Между тем они стали замечать, что их мысли не сходятся и что все, разделявшее их, накладывало свой отпечаток даже на мельчайшие подробности повседневной жизни. На какое-то время очередное свидание, принеся радость, оживляло отношения. Но все явственнее дуэт переходил в дуэль. И раздражительнее становились письма Луизы. Все чаще в них звучали обвинения в бесчувственности и равнодушии, нежелании поступиться ради нее своим искусством.

Он, как обычно, отшучивался: нельзя требовать апельсин от яблони. Напоминал ей, что ошибаются те, кто отождествляет любовь с физической близостью. Но все его доводы рушились перед обыденностью Луизы.

Упрекая его, она «выпускала когти», попрекала тем, что он давал ей деньги, только когда она их просила. Хотя отнюдь не нуждалась и умела зарабатывать сама. Кроме того, она получала пенсию. Критик Понтмар-тен писал о ней: «Со спорным талантом, с сомнительными умственными способностями, жадная ко всему, что служило разговорам о ней, она охотно сожгла бы десять домов и один храм, чтобы о ней заговорили. Она гордилась своей белокурой красой и не умела жить экономно».

Любовников она обычно выбирала среди людей знаменитых и полезных. В этом смысле Флобер— самая серьезная ее связь — не представлял в то время какого-либо интереса. Эту свою незаинтересованность она безусловно могла поставить себе в заслугу. Вообще же Луиза Коле делала все с умыслом. Стихи были для нее поводом сообщить читателям о месте своего рождения, о предках, которых она считала знатными, о любовниках, которых имела немало. Она писала статьи, комедии, стихи, сказки для детей (кстати, детей у нее было семеро, причем от разных мужчин; в живых остался лишь ребенок от Виктора Кузена), вела отдел в журнале «Моды Парижа».

Настоящим ее достоинством была красота. И когда с годами она поблекла, Луиза, будучи не в состоянии восполнить эту утрату умом, умерла «от огорчения и от неумения состариться».

Себялюбивая Луиза не понимала — либо не хотела понять, — что в работе для Флобера заключалось и горе, и счастье. Злобная химера искусства сжигала его сердце, терзала душу. Луиза совершала распространенную ошибку — ревновала к творчеству. Возможно, ей хотелось, чтобы перо Флобера чаще выводило ее имя?

Так или иначе пылкий, необузданный нрав и капризный характер Музы приводили к частым размолвкам. Наконец, в 1854 году произошел окончательный разрыв.

Спустя несколько лет госпожа Коле отомстила Флоберу. Не так, правда, как писателю Альфонсу Карру за его неудачно брошенную фразу в кафе «Риш», что отцом ребенка Луизы был не ее муж, а любовник. На следующий день она явилась к А. Карру и, вынув из сумки кухонный нож, нанесла ему удар — к счастью, не смертельный. Потом этот нож висел в прихожей у А. Карра с надписью: «Нож, всаженный мне в спину мадам Коле».

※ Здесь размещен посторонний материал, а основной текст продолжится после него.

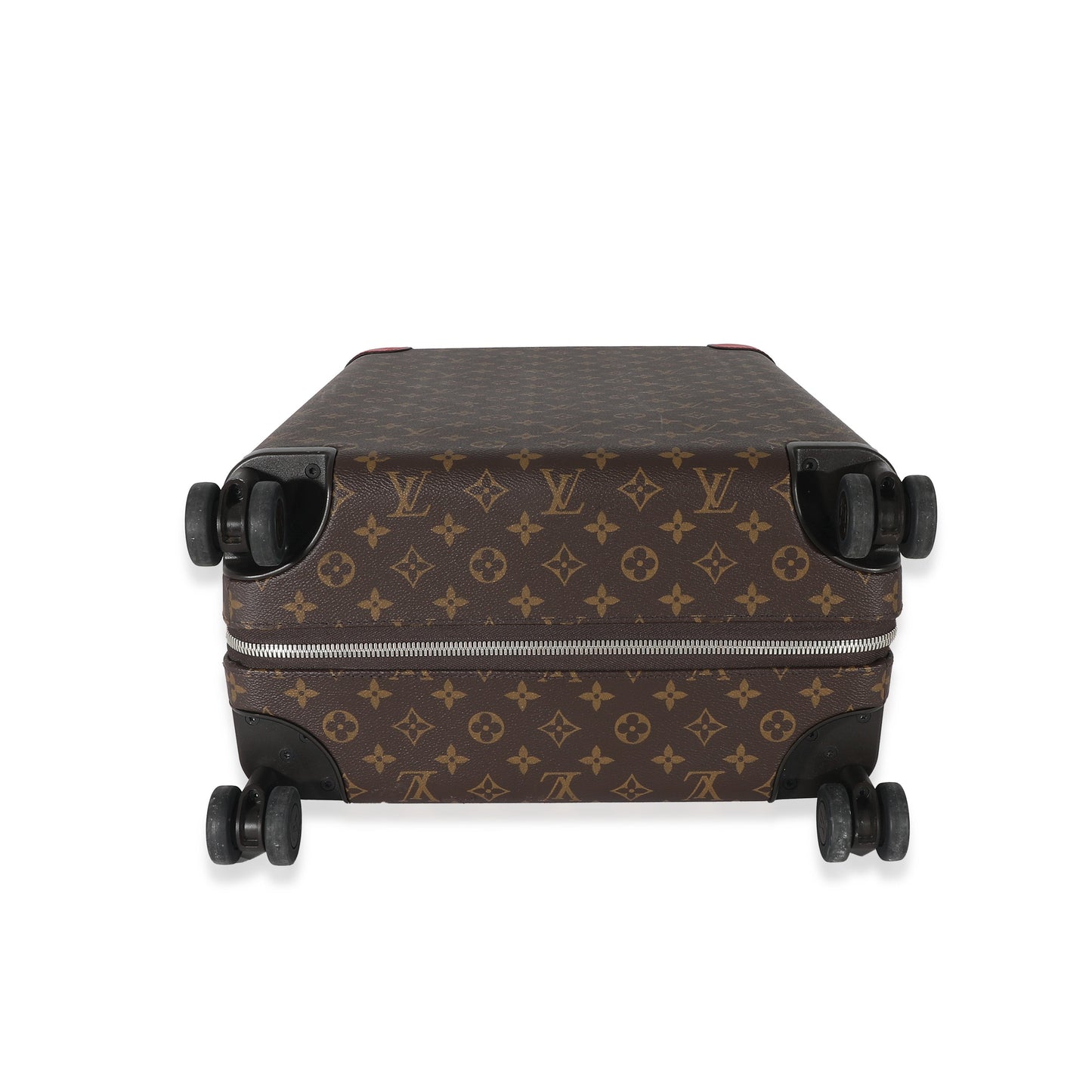 Louis Vuitton  Coquelicot Monogram Canvas Horizon 55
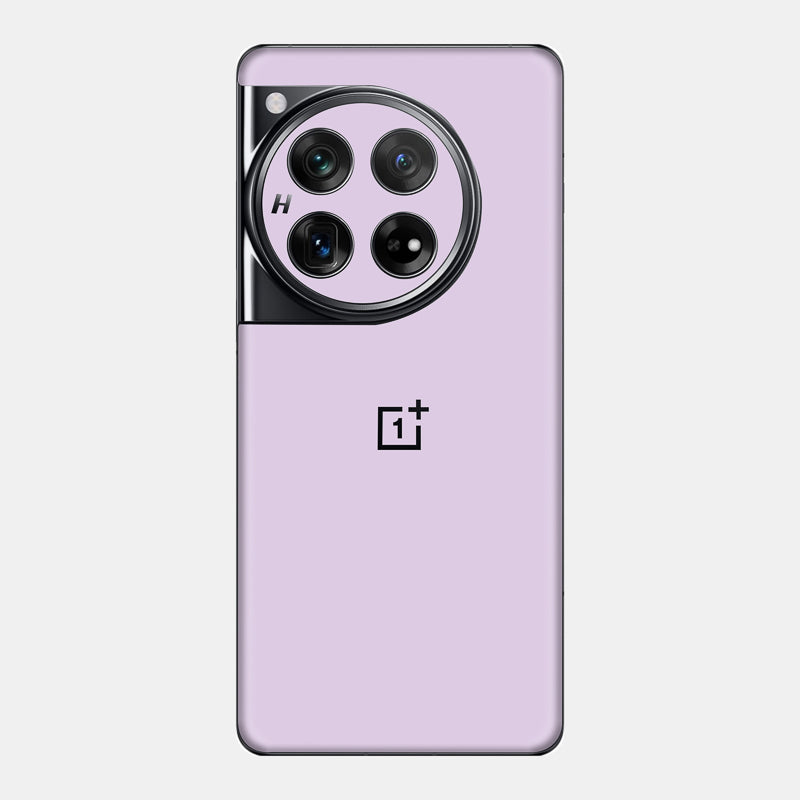 Glass Back Lilac
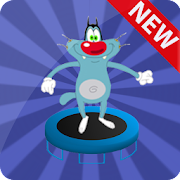 The Jumper Cat Mod APK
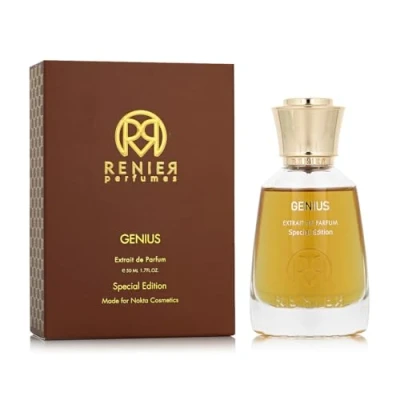 Afbeelding van Renier Perfumes Genius Extrait de Parfum 50 ml
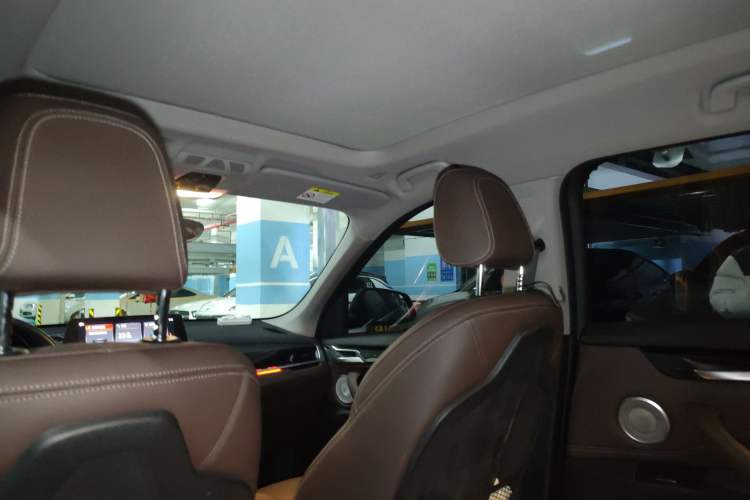Used BMW X1 2021 Restyled sDrive20Li Fashion Version Headliner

Месть Луизы Флоберу была не столь явной, но достаточно откровенной. В своих романах «История солдата» и «Он» бывшая возлюбленная вывела его в образе равнодушного Леонса, погубившего героиню своей бесчувственностью.

Но в то время, о котором идет речь, Луиза Коле и Гюстав Флобер переживали золотой полдень и до омрачения его тучами серьезных размолвок было еще далеко. Они отдавались «ветру своих сердец, пока он надувал их паруса». «Пусть он несет нас куда хочет, а что до подводных камней… что поделаешь? Увидим».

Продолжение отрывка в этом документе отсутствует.